Wednesday, March 22, 2017

If Notice of the Board Meeting is not served to a director , then it tantamount to oppression of the minority director at the hands of majority director – Says NCLT Delhi Bench.

If Notice of the Board Meeting is not served to a director , then it tantamount to oppression of the minority director at the hands of majority directors  Says NCLT Delhi Bench.

In the matter of Mr.Daya Kishan & Ors v. Mr Dinesh International Ltd & Ors - NCLT - New Delhi- Bench III

Delhi Bench of NCLT ordered that Petitioner suffered oppression at the hands the Respondents for non-compliance of statutory requirements.
Facts of the Case:
It was alleged by the Petitioner that there was an abuse of Section 286 of the Companies Act, 1956 and Articles of Association (‘AOA’) of the Company on the footing of non-receipts of notice of Board Meetings which resulted in the  oppression  of the minority director and subsequently decision was in the EoGM to increase the share capital through allotment of shares which lead to the lessening of Petitioner’s percentage of equity shareholding of the company for which no advance notice was not served on the Petitioner.

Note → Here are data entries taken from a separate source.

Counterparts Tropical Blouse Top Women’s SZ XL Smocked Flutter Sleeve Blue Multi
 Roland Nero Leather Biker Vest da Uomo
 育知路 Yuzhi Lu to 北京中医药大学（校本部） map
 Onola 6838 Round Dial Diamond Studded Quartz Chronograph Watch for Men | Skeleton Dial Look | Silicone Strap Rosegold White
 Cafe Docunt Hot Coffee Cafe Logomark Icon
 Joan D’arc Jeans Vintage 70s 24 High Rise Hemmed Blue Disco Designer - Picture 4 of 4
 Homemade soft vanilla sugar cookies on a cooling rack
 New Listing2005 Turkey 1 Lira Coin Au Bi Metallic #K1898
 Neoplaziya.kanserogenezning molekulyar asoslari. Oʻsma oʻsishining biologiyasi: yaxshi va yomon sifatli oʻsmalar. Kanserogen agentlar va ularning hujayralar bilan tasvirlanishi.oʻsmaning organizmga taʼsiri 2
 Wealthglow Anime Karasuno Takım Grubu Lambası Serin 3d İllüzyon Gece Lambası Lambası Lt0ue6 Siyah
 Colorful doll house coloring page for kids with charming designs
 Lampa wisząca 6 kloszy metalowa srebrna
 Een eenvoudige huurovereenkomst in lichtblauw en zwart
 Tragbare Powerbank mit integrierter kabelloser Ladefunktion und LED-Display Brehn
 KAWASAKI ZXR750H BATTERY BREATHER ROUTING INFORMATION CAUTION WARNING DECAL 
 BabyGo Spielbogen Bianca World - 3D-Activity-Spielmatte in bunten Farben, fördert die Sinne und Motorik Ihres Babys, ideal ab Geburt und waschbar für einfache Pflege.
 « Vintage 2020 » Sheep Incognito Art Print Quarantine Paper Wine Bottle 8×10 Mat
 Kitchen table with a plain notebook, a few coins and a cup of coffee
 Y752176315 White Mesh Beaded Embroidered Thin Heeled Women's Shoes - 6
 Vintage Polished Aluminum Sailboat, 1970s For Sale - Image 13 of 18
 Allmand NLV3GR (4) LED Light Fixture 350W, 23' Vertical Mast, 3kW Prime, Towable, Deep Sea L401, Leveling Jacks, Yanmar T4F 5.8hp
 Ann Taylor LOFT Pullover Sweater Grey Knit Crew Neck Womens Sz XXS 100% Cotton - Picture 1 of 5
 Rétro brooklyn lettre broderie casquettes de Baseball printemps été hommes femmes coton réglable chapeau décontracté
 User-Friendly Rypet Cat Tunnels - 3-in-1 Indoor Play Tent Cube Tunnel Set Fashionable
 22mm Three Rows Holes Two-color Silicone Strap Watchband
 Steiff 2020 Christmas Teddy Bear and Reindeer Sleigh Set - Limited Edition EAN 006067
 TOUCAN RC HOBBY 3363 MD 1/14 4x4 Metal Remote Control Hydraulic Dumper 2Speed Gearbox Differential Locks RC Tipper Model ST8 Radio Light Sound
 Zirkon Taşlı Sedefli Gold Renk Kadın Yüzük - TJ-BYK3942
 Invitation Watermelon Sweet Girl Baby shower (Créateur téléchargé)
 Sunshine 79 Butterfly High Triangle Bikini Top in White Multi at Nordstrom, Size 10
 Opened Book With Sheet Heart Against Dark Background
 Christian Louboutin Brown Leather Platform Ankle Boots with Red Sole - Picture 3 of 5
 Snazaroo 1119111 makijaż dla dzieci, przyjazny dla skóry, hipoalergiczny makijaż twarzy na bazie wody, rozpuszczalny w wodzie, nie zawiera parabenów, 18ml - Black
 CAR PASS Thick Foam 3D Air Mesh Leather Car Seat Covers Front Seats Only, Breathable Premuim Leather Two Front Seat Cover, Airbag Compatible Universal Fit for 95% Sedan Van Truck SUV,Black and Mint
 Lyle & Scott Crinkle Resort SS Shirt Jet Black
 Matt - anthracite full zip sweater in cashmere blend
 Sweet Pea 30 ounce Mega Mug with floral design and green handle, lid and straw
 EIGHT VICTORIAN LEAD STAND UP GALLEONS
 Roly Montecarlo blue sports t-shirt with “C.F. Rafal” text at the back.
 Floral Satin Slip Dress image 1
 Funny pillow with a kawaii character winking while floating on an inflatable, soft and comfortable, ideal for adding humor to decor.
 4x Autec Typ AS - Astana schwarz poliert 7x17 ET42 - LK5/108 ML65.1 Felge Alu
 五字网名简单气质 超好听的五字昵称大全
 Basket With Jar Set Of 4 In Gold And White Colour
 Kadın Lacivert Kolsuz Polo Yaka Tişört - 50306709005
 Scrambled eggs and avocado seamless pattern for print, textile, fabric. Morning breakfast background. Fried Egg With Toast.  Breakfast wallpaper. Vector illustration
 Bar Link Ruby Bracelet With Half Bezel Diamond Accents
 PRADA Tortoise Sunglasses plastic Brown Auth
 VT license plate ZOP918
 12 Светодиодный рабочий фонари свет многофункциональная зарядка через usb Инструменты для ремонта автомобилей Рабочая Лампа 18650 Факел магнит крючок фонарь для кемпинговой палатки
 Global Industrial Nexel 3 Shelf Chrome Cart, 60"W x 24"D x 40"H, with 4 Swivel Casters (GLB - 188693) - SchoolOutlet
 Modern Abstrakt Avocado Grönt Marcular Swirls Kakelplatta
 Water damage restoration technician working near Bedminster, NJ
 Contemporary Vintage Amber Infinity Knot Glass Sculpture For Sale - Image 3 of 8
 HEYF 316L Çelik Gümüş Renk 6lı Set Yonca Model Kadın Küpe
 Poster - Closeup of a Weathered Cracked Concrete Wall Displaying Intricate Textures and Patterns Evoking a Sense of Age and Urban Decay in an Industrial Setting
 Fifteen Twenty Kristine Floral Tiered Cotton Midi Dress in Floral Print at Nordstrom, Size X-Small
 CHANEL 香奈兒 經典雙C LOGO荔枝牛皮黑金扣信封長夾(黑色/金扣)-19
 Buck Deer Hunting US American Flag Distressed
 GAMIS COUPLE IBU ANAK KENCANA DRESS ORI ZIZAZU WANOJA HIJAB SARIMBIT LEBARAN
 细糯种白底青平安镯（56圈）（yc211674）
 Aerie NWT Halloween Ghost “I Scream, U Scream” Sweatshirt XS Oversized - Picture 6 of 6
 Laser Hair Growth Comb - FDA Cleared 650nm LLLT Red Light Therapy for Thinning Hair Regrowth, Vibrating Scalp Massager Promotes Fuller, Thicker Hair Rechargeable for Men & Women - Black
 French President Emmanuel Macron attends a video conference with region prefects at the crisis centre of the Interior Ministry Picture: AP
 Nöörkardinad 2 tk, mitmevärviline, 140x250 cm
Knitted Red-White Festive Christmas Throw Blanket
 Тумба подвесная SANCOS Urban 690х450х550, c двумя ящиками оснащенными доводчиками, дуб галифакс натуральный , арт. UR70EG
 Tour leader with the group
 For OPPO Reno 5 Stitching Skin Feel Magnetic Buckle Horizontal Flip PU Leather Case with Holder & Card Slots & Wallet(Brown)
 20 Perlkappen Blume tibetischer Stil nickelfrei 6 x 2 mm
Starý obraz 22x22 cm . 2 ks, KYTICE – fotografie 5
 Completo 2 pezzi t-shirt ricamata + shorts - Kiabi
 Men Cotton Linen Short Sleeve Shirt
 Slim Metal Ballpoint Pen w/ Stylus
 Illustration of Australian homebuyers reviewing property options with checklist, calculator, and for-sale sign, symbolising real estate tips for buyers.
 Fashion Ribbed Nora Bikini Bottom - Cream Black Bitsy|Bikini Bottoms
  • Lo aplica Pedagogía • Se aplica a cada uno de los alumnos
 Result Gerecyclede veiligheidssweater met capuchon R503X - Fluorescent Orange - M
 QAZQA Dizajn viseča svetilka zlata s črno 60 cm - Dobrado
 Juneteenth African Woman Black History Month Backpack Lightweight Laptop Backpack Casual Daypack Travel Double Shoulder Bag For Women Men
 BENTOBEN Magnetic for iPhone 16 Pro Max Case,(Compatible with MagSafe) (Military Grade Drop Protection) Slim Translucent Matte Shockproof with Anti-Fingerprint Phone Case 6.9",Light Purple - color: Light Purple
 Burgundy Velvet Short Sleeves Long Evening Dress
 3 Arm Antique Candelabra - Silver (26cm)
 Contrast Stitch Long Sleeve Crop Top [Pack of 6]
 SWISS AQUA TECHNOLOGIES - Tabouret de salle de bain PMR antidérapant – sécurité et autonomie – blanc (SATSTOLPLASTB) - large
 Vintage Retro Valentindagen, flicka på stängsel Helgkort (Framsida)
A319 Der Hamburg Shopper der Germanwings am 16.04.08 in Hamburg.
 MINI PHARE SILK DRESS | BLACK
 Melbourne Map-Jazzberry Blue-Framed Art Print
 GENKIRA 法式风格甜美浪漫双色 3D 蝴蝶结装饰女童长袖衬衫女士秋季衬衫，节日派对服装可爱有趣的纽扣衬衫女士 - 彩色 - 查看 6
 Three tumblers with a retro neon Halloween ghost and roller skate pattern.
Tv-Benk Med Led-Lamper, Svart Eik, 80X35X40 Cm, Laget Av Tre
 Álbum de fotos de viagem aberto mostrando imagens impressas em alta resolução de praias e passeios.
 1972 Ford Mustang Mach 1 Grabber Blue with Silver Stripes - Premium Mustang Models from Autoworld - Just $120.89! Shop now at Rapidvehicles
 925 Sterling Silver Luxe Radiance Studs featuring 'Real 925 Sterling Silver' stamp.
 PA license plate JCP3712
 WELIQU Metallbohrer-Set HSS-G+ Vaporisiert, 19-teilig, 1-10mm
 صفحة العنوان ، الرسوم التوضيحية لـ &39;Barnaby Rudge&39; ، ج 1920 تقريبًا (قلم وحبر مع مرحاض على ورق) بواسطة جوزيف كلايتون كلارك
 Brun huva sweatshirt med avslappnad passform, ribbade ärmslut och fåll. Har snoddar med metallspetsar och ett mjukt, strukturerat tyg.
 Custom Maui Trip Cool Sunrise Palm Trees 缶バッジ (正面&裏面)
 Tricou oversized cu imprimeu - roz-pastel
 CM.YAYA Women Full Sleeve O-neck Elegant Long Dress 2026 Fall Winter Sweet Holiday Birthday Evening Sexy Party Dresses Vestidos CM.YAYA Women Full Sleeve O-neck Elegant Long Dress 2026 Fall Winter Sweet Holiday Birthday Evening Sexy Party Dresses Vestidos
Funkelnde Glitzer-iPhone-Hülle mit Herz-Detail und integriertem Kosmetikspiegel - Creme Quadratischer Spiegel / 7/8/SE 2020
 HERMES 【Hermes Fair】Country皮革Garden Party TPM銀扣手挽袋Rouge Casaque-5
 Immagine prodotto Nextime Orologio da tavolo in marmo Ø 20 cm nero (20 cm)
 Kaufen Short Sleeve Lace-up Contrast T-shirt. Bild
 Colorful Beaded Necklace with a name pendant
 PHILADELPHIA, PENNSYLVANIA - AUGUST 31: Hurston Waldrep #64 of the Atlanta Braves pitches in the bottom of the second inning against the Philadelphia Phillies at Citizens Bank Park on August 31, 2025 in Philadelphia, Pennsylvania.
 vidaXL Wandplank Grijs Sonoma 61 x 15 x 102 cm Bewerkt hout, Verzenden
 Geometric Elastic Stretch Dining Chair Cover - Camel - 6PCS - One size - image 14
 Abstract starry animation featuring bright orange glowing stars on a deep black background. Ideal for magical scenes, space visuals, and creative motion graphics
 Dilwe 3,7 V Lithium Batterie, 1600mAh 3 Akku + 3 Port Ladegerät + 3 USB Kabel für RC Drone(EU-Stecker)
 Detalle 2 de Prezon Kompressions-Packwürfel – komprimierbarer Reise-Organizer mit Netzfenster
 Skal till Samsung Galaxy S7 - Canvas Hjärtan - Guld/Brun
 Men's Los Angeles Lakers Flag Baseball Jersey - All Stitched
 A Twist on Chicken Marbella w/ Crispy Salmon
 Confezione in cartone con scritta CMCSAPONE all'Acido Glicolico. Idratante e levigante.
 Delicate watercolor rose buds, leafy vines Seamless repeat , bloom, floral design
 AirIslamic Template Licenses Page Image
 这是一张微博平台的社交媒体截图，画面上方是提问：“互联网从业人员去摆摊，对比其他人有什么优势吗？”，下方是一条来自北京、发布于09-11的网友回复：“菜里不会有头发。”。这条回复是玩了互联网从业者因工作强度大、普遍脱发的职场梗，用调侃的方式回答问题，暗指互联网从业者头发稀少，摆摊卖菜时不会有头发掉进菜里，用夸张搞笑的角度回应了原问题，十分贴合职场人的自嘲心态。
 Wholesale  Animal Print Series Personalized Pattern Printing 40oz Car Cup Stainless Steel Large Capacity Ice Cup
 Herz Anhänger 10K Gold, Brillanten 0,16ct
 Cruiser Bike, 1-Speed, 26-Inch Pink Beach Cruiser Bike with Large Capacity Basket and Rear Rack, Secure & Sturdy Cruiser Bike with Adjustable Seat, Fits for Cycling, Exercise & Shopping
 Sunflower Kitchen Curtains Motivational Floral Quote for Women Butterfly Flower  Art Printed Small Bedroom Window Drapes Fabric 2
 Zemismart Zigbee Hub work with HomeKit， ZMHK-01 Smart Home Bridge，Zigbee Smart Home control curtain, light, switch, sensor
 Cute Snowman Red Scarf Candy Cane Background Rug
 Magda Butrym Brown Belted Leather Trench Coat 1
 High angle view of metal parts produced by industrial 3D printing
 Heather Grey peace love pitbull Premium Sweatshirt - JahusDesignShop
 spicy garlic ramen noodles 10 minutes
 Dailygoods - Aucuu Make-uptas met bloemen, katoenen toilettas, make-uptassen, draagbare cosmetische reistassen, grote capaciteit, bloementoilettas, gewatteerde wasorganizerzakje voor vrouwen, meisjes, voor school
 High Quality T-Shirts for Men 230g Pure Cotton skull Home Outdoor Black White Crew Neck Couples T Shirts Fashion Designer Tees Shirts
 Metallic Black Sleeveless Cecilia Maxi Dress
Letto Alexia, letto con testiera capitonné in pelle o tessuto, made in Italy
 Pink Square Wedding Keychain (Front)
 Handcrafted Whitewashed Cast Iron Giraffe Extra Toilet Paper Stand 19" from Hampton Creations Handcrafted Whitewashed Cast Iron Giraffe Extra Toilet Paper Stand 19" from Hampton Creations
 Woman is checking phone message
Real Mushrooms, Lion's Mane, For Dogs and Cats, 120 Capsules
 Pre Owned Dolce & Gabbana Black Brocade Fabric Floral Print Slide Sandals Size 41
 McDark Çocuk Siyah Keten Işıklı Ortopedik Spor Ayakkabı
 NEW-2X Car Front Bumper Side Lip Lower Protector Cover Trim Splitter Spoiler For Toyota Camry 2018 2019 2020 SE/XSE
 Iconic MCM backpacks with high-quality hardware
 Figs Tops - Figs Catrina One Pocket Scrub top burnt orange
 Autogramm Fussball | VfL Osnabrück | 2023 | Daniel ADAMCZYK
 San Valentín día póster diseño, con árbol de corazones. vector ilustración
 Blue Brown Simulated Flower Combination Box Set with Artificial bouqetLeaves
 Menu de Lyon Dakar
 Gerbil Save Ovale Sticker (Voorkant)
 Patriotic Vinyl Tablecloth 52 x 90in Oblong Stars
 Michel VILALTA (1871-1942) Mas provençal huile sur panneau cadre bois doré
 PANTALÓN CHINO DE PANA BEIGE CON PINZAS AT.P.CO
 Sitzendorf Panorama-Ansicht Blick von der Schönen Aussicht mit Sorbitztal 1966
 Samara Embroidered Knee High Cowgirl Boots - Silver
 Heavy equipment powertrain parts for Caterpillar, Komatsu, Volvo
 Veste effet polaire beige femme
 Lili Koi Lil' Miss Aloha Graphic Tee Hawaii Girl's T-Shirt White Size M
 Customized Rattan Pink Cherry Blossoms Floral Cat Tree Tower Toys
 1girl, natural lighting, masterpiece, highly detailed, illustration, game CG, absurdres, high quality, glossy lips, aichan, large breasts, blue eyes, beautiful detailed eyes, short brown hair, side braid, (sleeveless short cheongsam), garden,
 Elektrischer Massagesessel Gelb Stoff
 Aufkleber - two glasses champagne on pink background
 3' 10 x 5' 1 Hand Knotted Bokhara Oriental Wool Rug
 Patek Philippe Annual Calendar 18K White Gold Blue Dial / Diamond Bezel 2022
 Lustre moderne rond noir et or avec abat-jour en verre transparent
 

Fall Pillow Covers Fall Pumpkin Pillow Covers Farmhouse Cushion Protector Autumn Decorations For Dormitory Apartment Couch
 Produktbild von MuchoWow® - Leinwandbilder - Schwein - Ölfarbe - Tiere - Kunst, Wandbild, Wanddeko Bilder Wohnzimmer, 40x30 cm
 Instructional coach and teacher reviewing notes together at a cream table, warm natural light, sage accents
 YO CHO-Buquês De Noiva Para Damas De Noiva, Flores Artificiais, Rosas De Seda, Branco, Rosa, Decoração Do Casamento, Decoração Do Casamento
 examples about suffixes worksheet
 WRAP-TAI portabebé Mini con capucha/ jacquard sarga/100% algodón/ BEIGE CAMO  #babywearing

 NCLT pronounced  that though Respondent Company was a closely held company consisting of family members however even as a matter of practice, company should have given at least oral information regarding convening of the Board Meeting when a association is at its low ebb. In such scenario, parties should confirm adherence not only according to the Company law but also in harmony with the AOA.
DECISION OF THE NCLT
NCLT accepted the Petitioner’s plea that no board meeting was really convened and the minutes recorded/ resolution passed were subsequently fictitious. NCLT held that transfer of assets of a corporate body to another group entity was wholly unfounded and mysterious even if there was partnership account of both parties.
NCLT further observed that  that the transfer of the Company’s documents and records from its registered office was not only against the legal obligation but also was kept out of Petitioner’s access thus holds that Respondent was clearly divesting the Petitioner of his privilege as a Director in the Company thereby tumbling it to a “zero”. Therefore, NCLT , Delhi Bench cancelled the resolutions passed / decision taken in the Board Meetings and EoGM.